__Exercise__
The expected output is an exact copy of the lines from the one containing "money_628581_640_1.jpg" through the final line of the entries below, with no images.

__Stored entries__
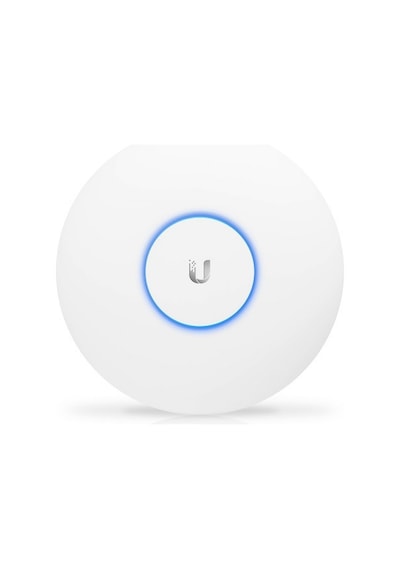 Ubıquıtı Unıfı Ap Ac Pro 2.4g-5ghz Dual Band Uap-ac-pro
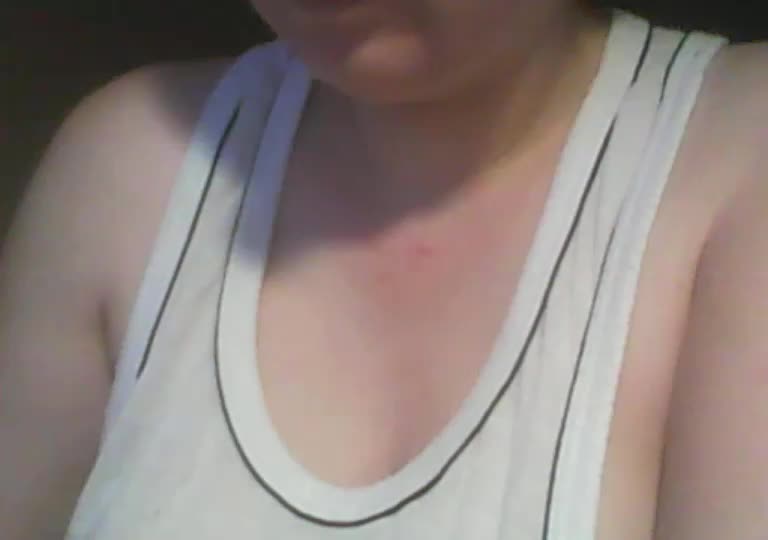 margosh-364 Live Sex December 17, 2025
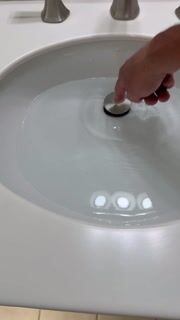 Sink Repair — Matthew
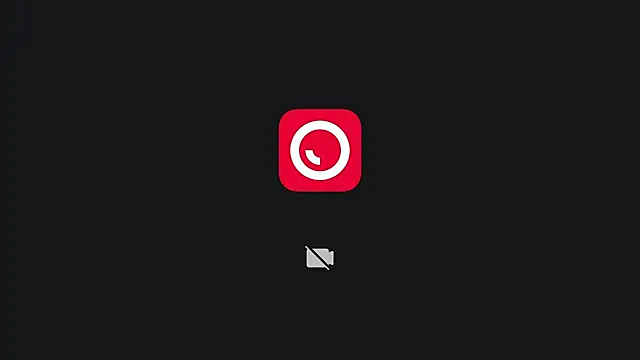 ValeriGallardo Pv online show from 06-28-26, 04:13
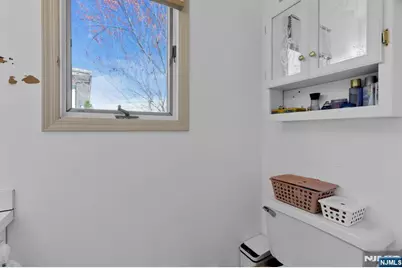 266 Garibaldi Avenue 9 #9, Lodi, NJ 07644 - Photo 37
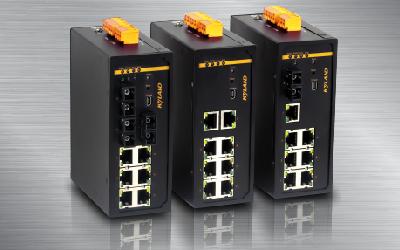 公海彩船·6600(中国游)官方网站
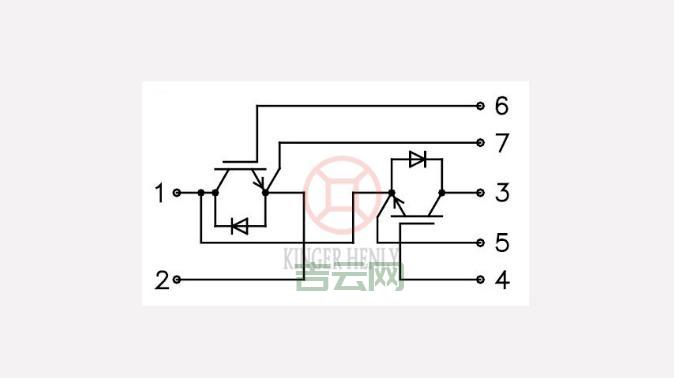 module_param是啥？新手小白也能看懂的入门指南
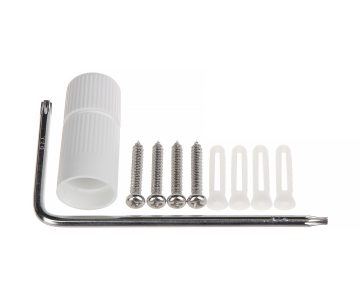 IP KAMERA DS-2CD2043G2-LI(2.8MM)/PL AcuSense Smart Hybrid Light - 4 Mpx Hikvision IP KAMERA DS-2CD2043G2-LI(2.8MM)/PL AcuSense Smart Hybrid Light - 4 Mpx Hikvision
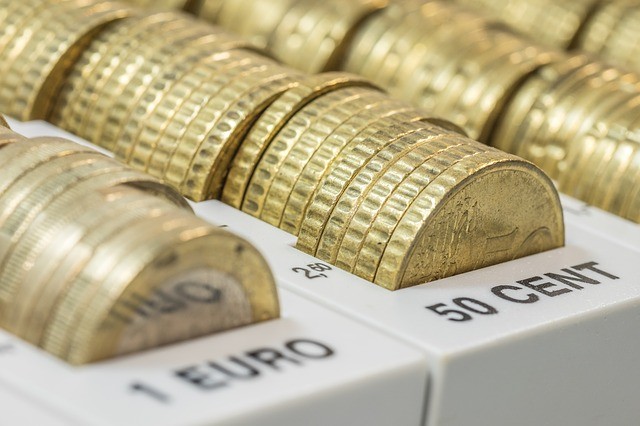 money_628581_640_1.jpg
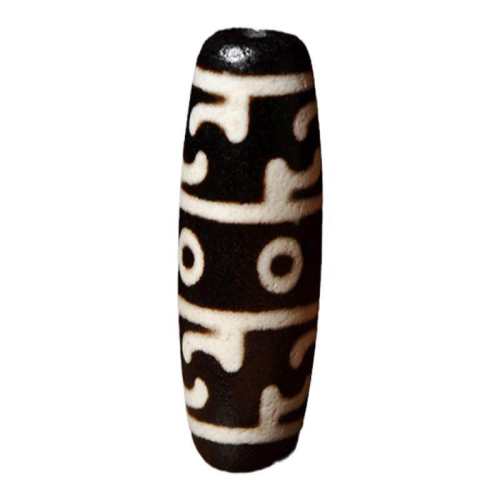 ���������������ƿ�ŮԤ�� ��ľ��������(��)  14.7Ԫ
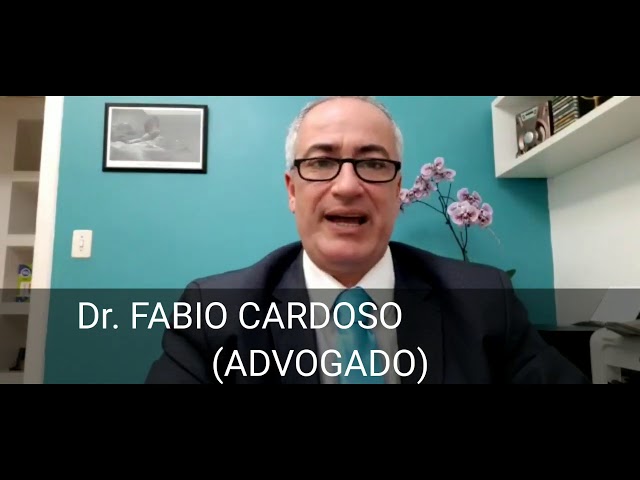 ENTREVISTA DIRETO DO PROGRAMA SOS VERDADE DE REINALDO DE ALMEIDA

__Your solution__
 money_628581_640_1.jpg
 ���������������ƿ�ŮԤ�� ��ľ��������(��)  14.7Ԫ
 ENTREVISTA DIRETO DO PROGRAMA SOS VERDADE DE REINALDO DE ALMEIDA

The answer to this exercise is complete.